My son can have his stomach turned almost instantly. And by turned I mean this, if you do not wipe your mouth after eating, or if you show him a picture of a zombie, or if you generally mention anything of potential disgust then nausea will set in and any hope of his finishing the meal will end.
This is a problem since two of his siblings are ages 3 and 6 months, so the chances of his seeing something that could turn his stomach during a meal are about 99 percent.
Frankly, the whole situation used to infuriate me. My response was usually a less-than-rational, “You can control this. You need to man-up and eat!” That is until my wife put things into perspective for me by saying one word.
Let me tell you about bologna… I don’t like it.

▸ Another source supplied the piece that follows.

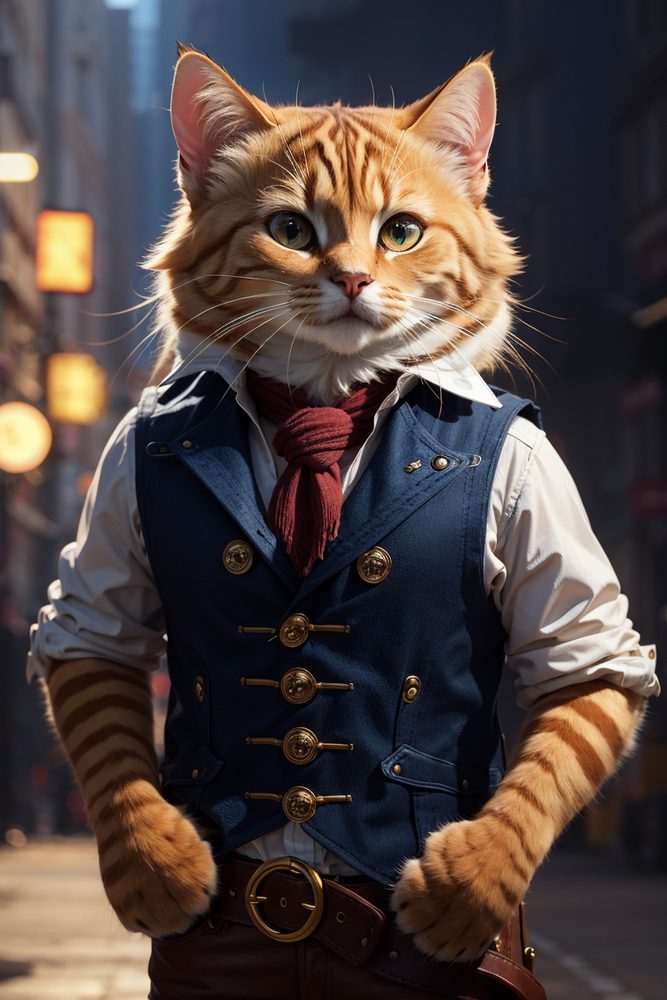 Projekt postaci 3D — Kot w butach (character design)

When I was growing up, we went through a period of low economic means. We never went hungry or without, but certain changes had to be made. One of those changes was that bologna became our primary meat because it was cheap. So, as you can imagine, I have eaten bologna in every conceivable fashion.
I have had it raw, fried, baked, cubed in eggs and/or macaroni, in casseroles, pickled, and in soup.
Did you know you can add bologna to cake and make bologna gravy? I do. It’s not good.
I was content with my bologna meat existence until one day in the first grade. As I ate my bologna and mustard sandwich, I took a large first bite and apparently did not sever the meat completely, because as I pulled away I was greeted by the entire piece of bologna.
My perspective on the food changed instantly. Rather than an acceptable type of lunch meat, I discovered an unsavory food-like substance hanging from my mouth to my chin. It is almost impossible to describe. In that single moment, I became aware of bologna’s every impact on my senses.
Its texture was like an oiled sheet of gelatinous rubber. “Floppy” would be a word to describe its consistency, but even that does not express the almost symbiotic way the flesh-toned circle conformed to my chin. The smell, like a corpse soaked in vegetable oil.
Needless to say, I no longer like bologna.
In fact, the thought of it will make me nauseous to the point that I can’t eat. The smell… oh, yes, there is a smell… I can detect through a sealed package in a freezer.
It is not welcome in my home.
So now when my son sees food around someone’s mouth and has to get down on all fours to avoid hurling, I cut the boy a little more slack. I guess I better before he figures out that bologna will bring me to my knees right next to him.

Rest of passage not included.